Presumptive user feedback: "How come when I click this bookmark which has the icon nice and right there it sometimes takes minutes for the icon to show up on the tab?"

Principle of least surprises for the user is probably at play here. Bookmarks and tab icons seem like reasonably similar "chrome" to the user.

Separating the caches isn't necessarily easy either: it is just as likely to hand the trackers at that point a good signal for people who bookmarked a site based on whatever heuristic ends up being to refresh that cache if it is no longer "recently accessed tabs".


maybe we should consider switching to alternative browsers like kingpin. the chrome is too powerful and google has its own (business) goals.


"Firefox: ... However, it never actually uses the cache to fetch the entries.

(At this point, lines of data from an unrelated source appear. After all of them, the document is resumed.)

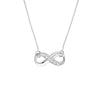 Infinity Adj. Necklace with 1/15tcw Diamond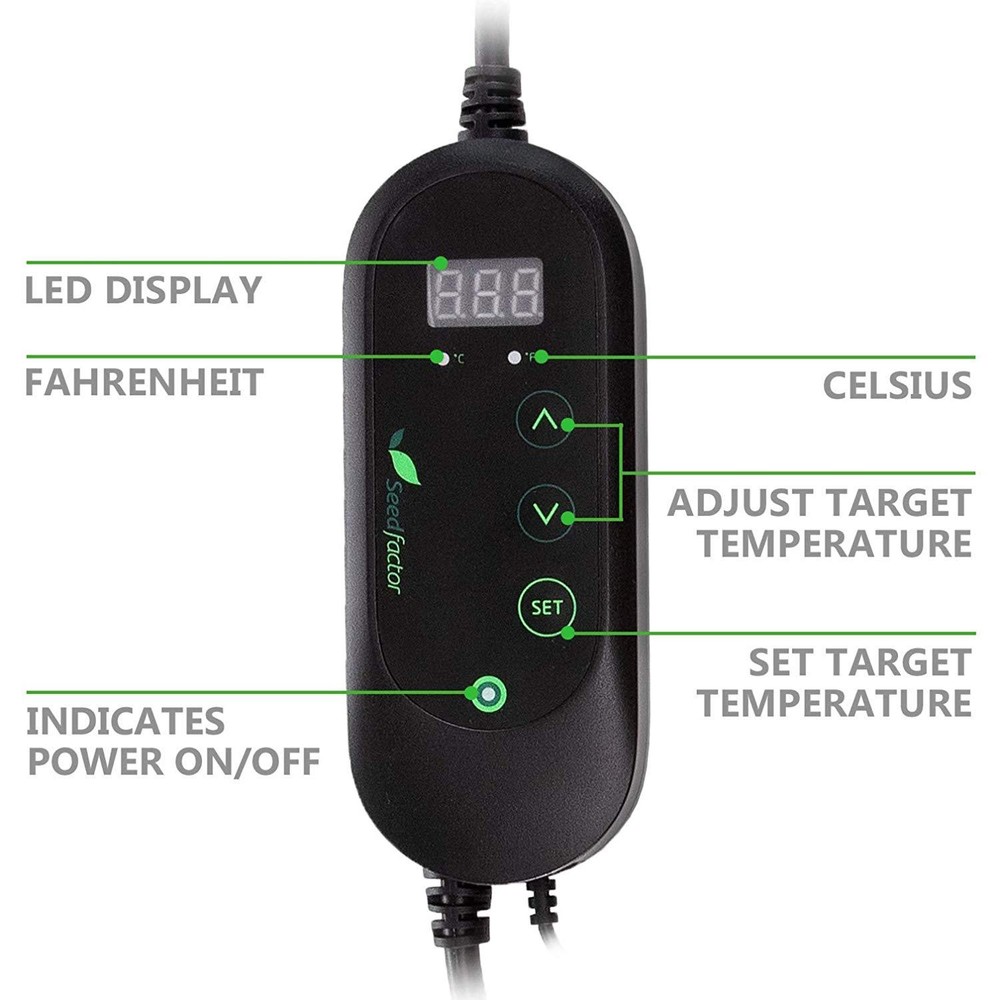 Digital Seedling Heat Mat Seed Starting Thermostat Controller for Seed Cloning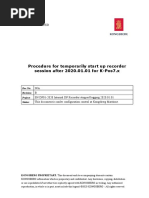 K-Pos7.X - Procedure For Temp Start Up Recorder Session After 1jan2020 - RevB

As a result, Firefox actually issues requests to re-fetch favicons that are already present in the cache. We have reported this bug to the Mozilla team, who verified and acknowledged it. At the time of submission, this remains an open issue. Nonetheless, we believe that once this bug is fixed our attack will work in Firefox..."

Gosh, I hope the favicon cache bug the authors filed isn't fixed until a broader mitigation against this is implemented.

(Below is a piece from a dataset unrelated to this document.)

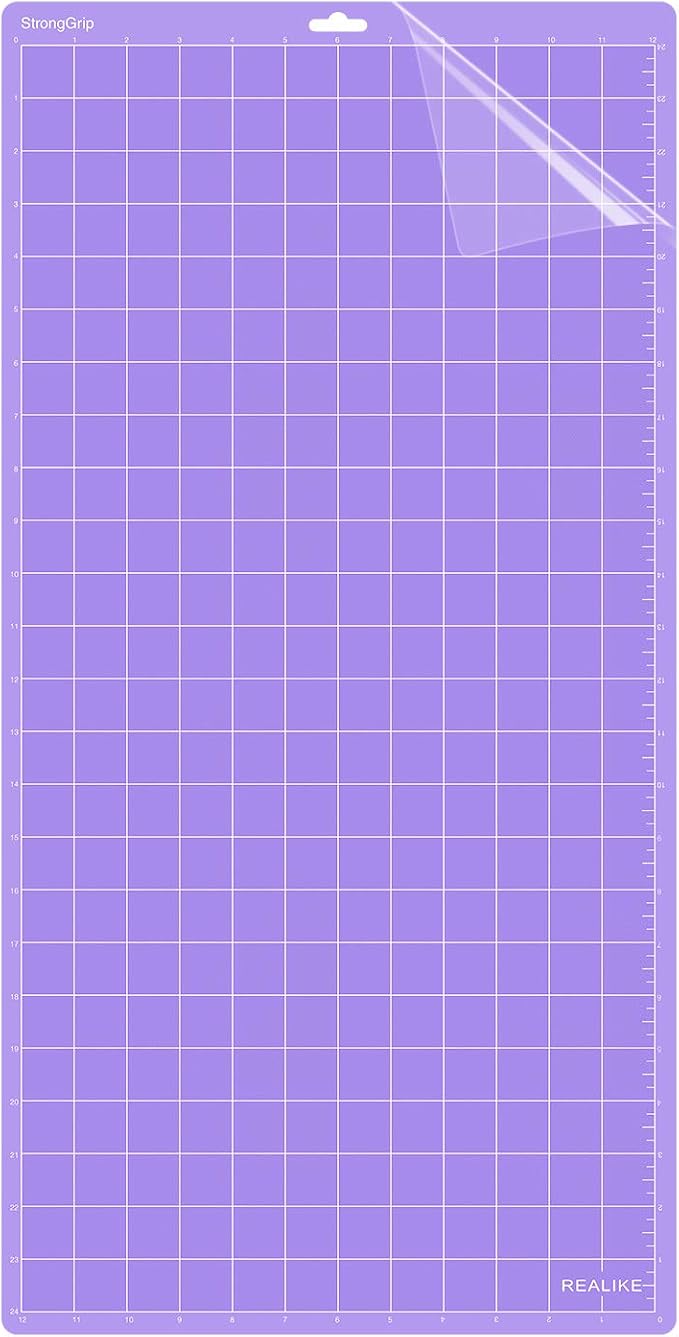 REALIKE SrongGrip Cutting Mat for Silhouette Cameo 5/4/3/2/1(3 Mats,12x24 inch) Purple Strong Adhesive Cricket Cut Mats Replacement Accessories for Silhouette Cameo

Bugzilla link since I didn't see it in paper: https://bugzilla.mozilla.org/show_bug.cgi?id=1618257

I find it kinda weird that Solomos reported it as normal defect and even prompted for fix update months later without making it clear it would make FF vulnerable to issue...


> " However, it never actually uses the cache to fetch the entries."

I doubt the "never" because it regularly shows me the wrong favicon. This has been true for so many years that I consider it a familiar quirk more than a bug...


Firefox bug is being tracked here: https://bugzilla.mozilla.org/show_bug.cgi?id=1618257


Later in the paper:

> we have disclosed our research to all the browser vendors.

Please consider that the researchers apparently submitted TWO bug reports. One because functionally the cache is broken, one because there's a potential privacy issue.


The account used to file that bug has not filed any other bug reports, so it isn't clear to me if they did report the underlying security issue that they found. (Disclaimer: I work on Firefox, but I'm just speaking for myself.)


It looks like someone else posted their paper to their bug.


Good. This sums it up pretty well:

    I also think that it would have been appropriate to notify about the
    ulterior motive behind this defect report at the latest when the paper got
    published. This underhanded approach of reporting a defect just leaves a bad
    taste, really.

    The behavior may be an actual defect in the classical sense, but I'm just
    wondering what would have happened, had this been addressed "in time" by the
    developers. It would seem that the researchers would then have triumphantly
    proclaimed that all major browsers are prone to their newly found attack.
    Must be somewhat disappointing that it didn't get fixed "in time" to make it
    into the paper that way.


I wonder if that behaviour is misconduct under the rules of the researcher's university. It seems at least highly questionable for a university employed researcher to, in effect, feature request a privacy vulnerability in order to later be able to publish an academic paper on that vulnerability.


Seems like this is a pretty clear ethics violation on the part of the authors.


Straight up Black Hat work. Not cool.


It's unbelievable that any form of unclearable cache is allwoed to exist.

"Clear Browsing Data" must clear ALL browser data, as if I was doing a completely fresh install of my browser but maintaining my settings, extensions, bookmarks, and auto-fill.

That is IT. Yes, Google Chrome, you must also delete Google cookies (which they do not do).


That's why I setup my Linux install to work like a live-CD, with a two layer filesystem: a read-only base, and a read-write overlay that lives in the RAM. The files that I know I want to keep are bound from a read-write partition on the disk to the RAM filesystem, and all the rest gets deleted every time I shutdown my PC.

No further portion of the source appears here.